Why not give other grape types a go!

Wine is one of those things in life that once you like a particular type (grape / region) you don’t tend to step away and try something else. To me, that’s a real shame as there are so many different grape varieties in the world, people tend to stick with what they know & don’t experiment. Don’t get me wrong, I love the more well-known grapes & regions like Rioja & Bordeaux, but I also love experimenting and finding something totally new and different.

Having said that, it’s nice to see the emergence of grape varieties like Malbec, Zinfandel, Gruner Veltliner and Albarino. They are becoming increasingly more popular for one main reason – wine merchants and wine enthusiasts are both looking for that something different that is ideally good to drink and also great value for money. To me, it’s really worth seeking out the more ‘unusual’ grape varieties as they’re usually fairly inexpensive and sometimes you’ll find that something special which you’ll really learn to love and appreciate. You will also, more than likely, occasionally come across a wine that you’ll never wish to try again but that’s half the fun!

Why not experiment?

Recently, I came across a great wine from the Greek island of Crete called Skalani from the Boutari Winery. The Skalani Boutari wine was extremely fruity with red berry flavours and an intense heady aroma. I would imagine that it would benefit from a number of years in the cellar but it was very drinkable at present and would be fantastic with a steak or moussaka! The wine is a blend of 50% Syrah, which everybody knows and 50% Kotsifali, which is totally knew to me! Kotsifali is indigenous to Crete & at just a mere £12.00 a bottle, I don’t think you can go wrong!

I tried another great wine whilst in Eastern Europe, this time from the beautiful country of Montenegro. Whilst there, it seemed like a great idea to try something not normally found in the UK, so I opted for a local red wine to go with a spicy pizza. To be honest, it wasn’t a great combination on paper but the Plantaze Crnogorski Vranac had an intense fragrant with red fruity flavours, made from the Vranac grape. It worked brilliantly and at roughly £8.00 (€10.00), I’d definitely still recommend it. Since trying this wine, I’ve done a bit of research! I’ve found that the Vranac grape is indigenous to the Republic of Macedonia, Serbia, Kosovo and Montenegro. It’s closely related to the more well-known grape of Primitivo. Unfortunately, I didn’t have any luggage space to bring some of this delicious wine back with me, but it would have been very well worth it if I had.

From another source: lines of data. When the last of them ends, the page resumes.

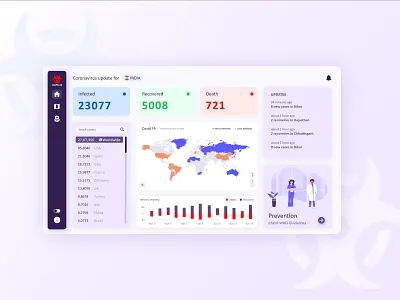 Corona Virus (Covid-19) Dashboard analytic concept corona corona update coronarender coronavirus covid 19 covid19 danger dashboad dashboard app dashboard design dashboard ui health ui user experience userinterface ux webapp design webdesign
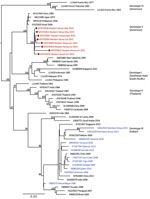 Maximum-likelihood phylogenetic tree for DENV-3 sequences from children with undifferentiated fever in Kenya, 2014–2017 (red), and reference sequences from other locations in Africa (blue) and elsewhere. Numbers at nodes represent bootstrap support values based on maximum-likelihood replicates. Genotypes are indicated at right. Scale bar indicates nucleotide substitutions per site. DENV, dengue virus.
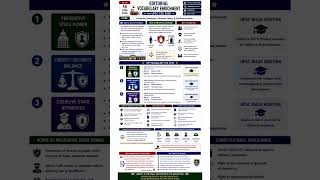 Editorial Vocabulary #trending #news #india #viral #currentaffairs
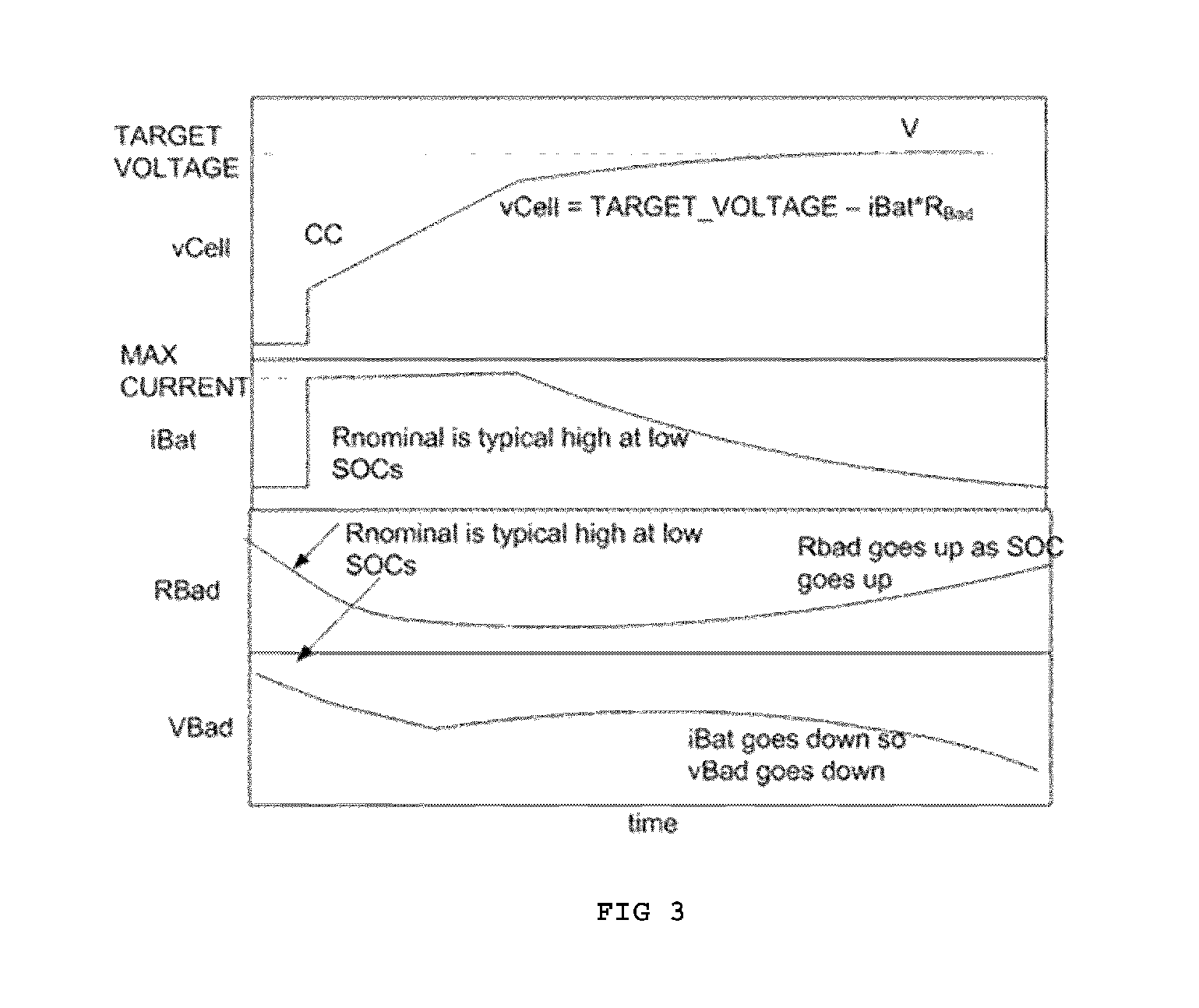 Low temperature charging of Li-ion cells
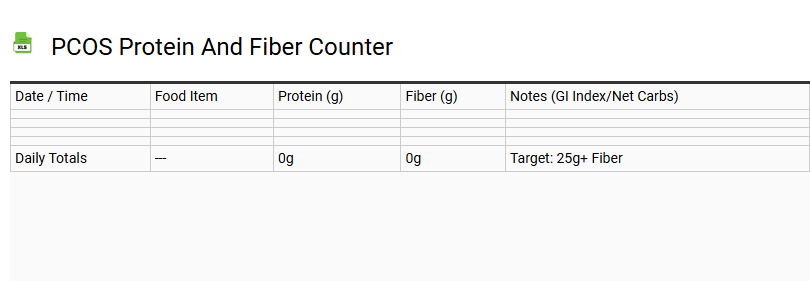 PCOS Protein and Fiber Counter
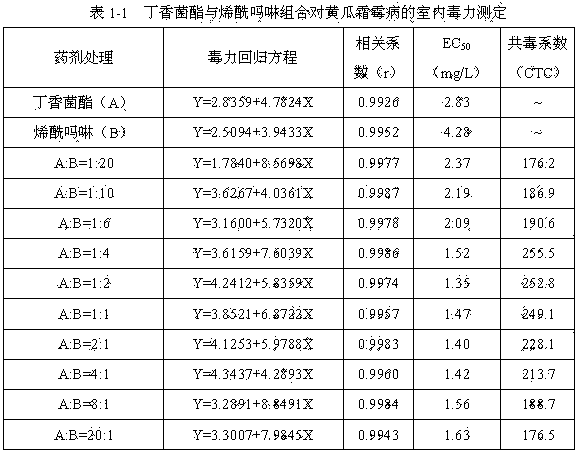 Coumoxystrobin-containing bactericidal composition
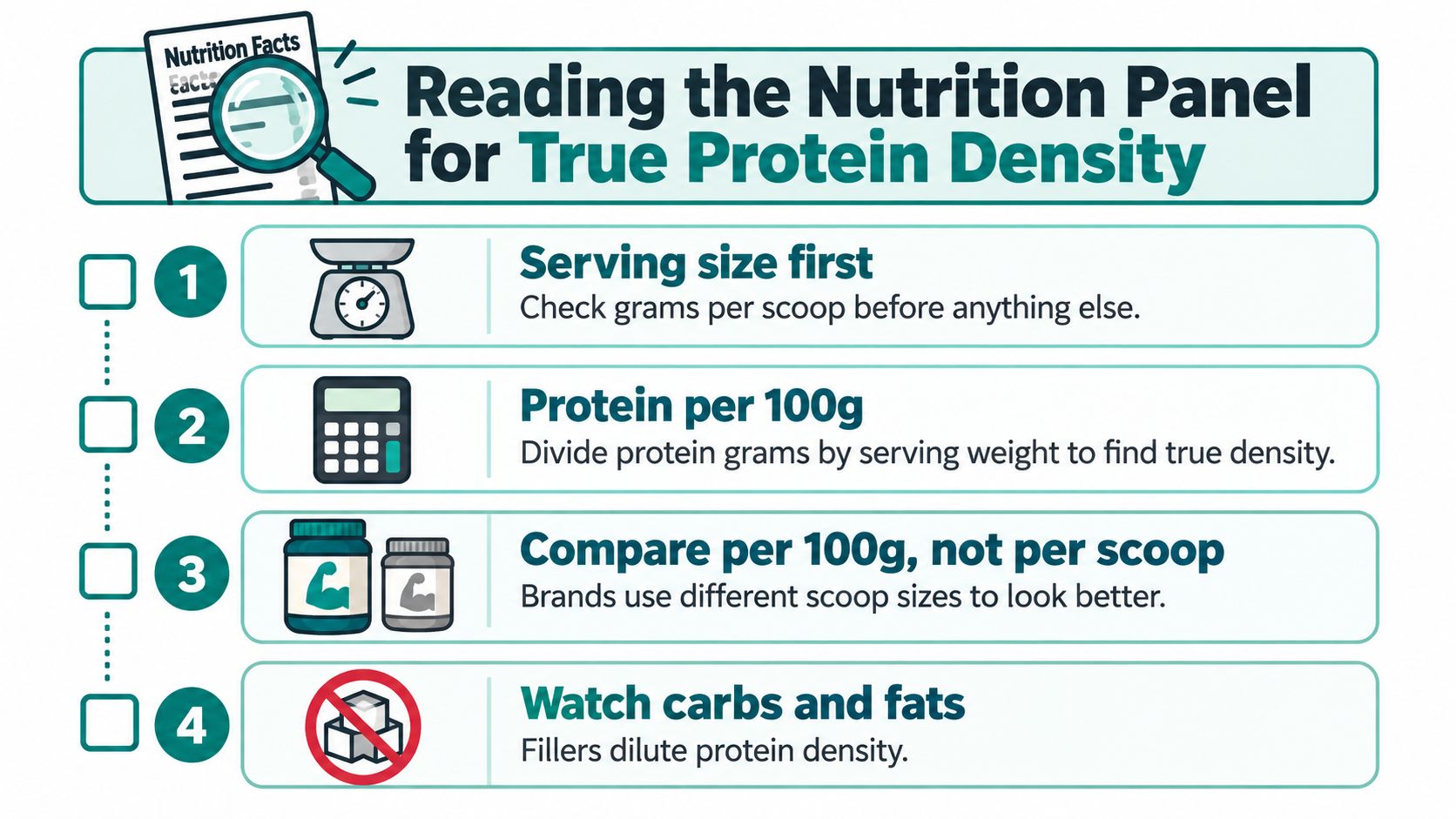 An infographic titled Reading the Nutrition Panel for True Protein Density showing four steps for comparing protein supplements.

These two inexpensive examples just go to show that if you try something a little less known, you might find something fantastic. I recommend that the next time you’re on holiday or reading a wine list in a restaurant, rather than selecting a wine made from an everyday grape, why not opt for something different and you may find that a wine that you’ve never heard of, might just open your eyes to a whole new world!